Data segment:
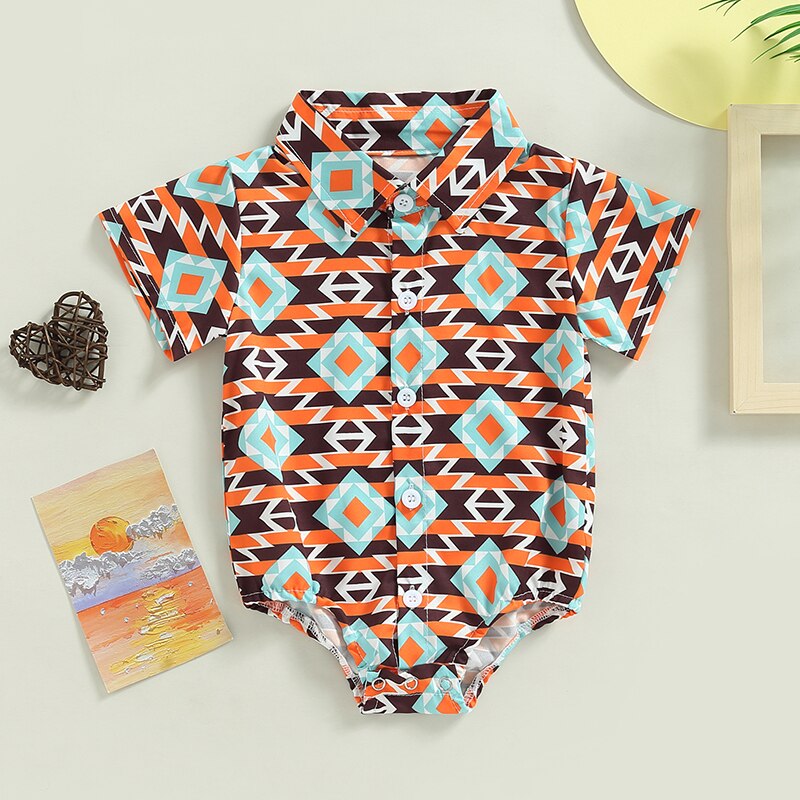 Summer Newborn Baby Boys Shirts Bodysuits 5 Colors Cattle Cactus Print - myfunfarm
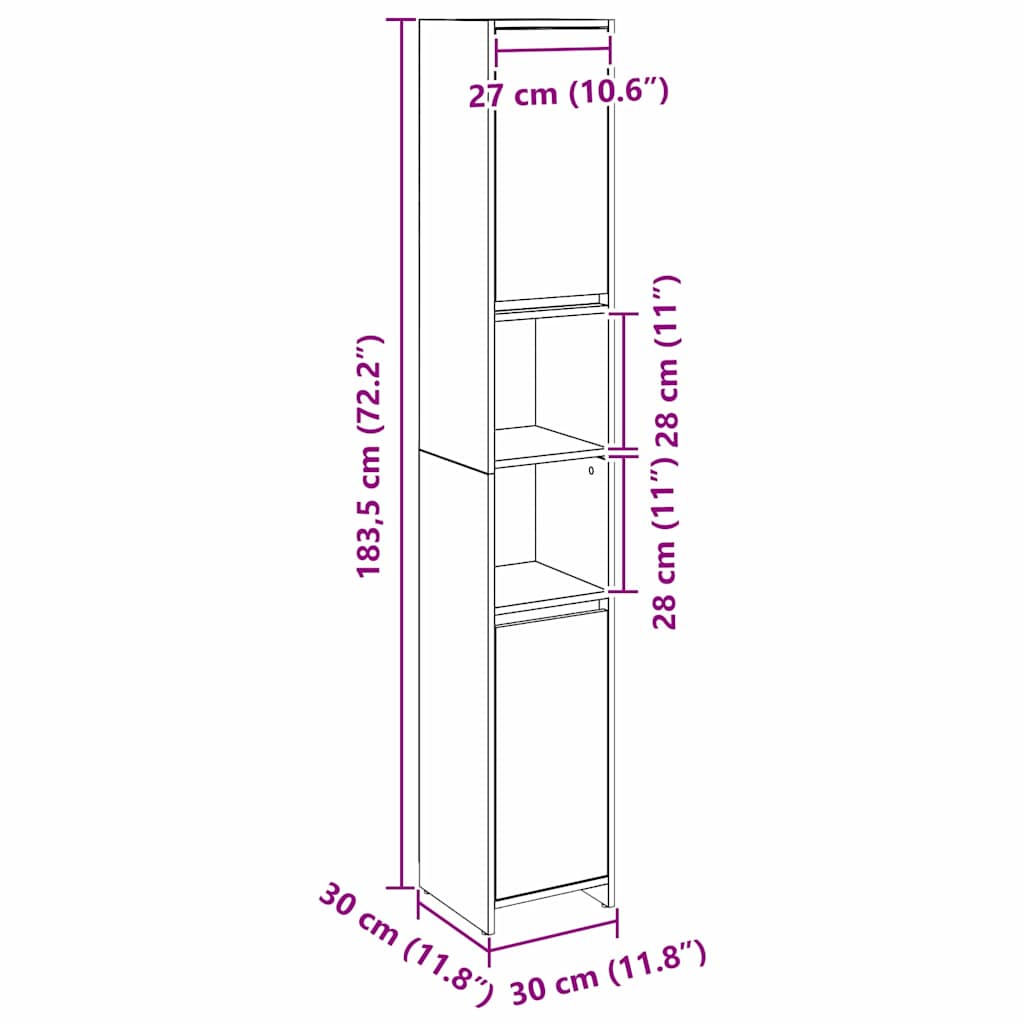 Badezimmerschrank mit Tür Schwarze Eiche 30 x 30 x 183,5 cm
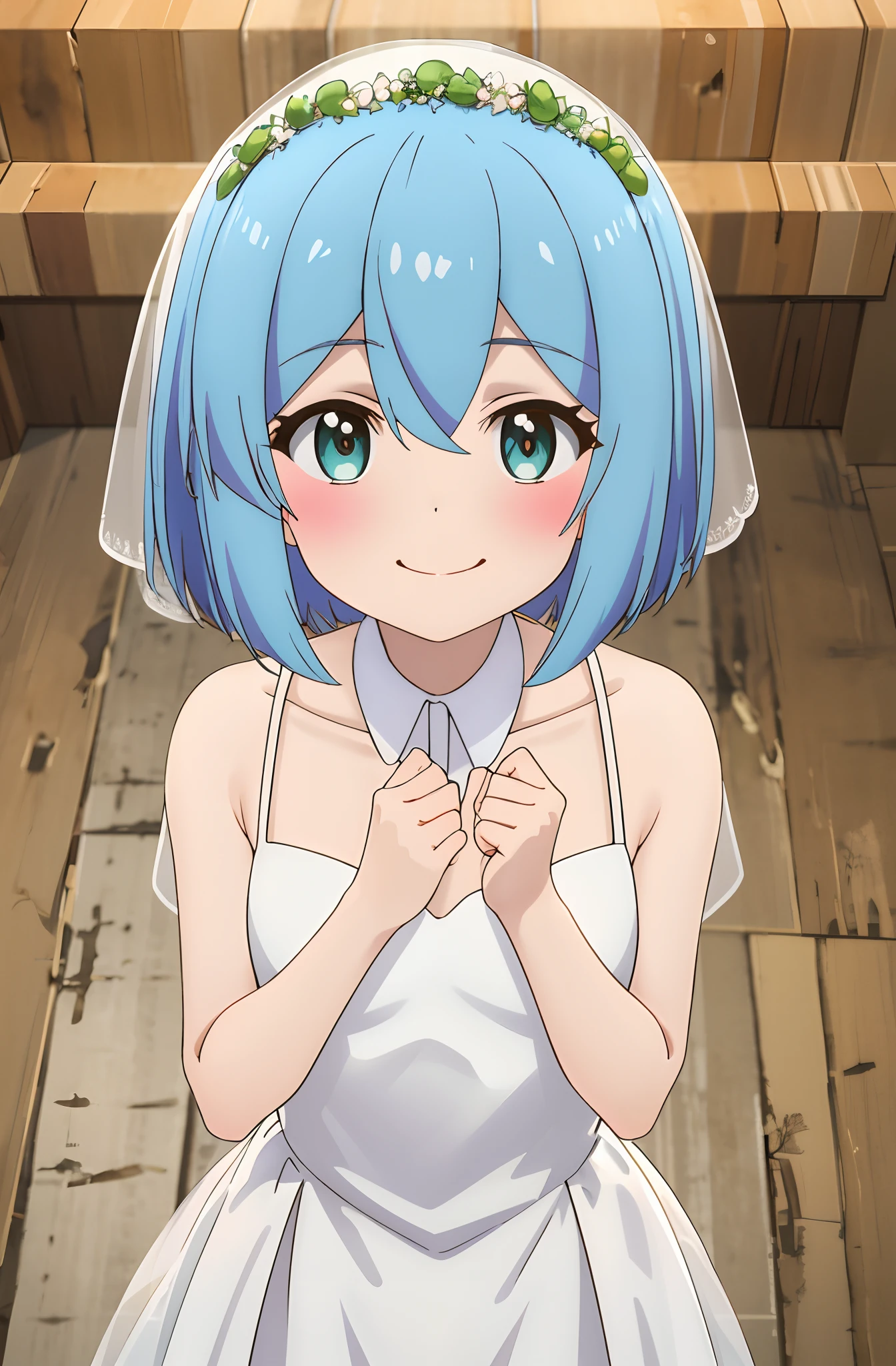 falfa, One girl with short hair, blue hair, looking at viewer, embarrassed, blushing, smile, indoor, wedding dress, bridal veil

Work required: Output the full material above exactly, leaving every picture out.

Solved problem:
 Summer Newborn Baby Boys Shirts Bodysuits 5 Colors Cattle Cactus Print - myfunfarm
 Badezimmerschrank mit Tür Schwarze Eiche 30 x 30 x 183,5 cm
 falfa, One girl with short hair, blue hair, looking at viewer, embarrassed, blushing, smile, indoor, wedding dress, bridal veil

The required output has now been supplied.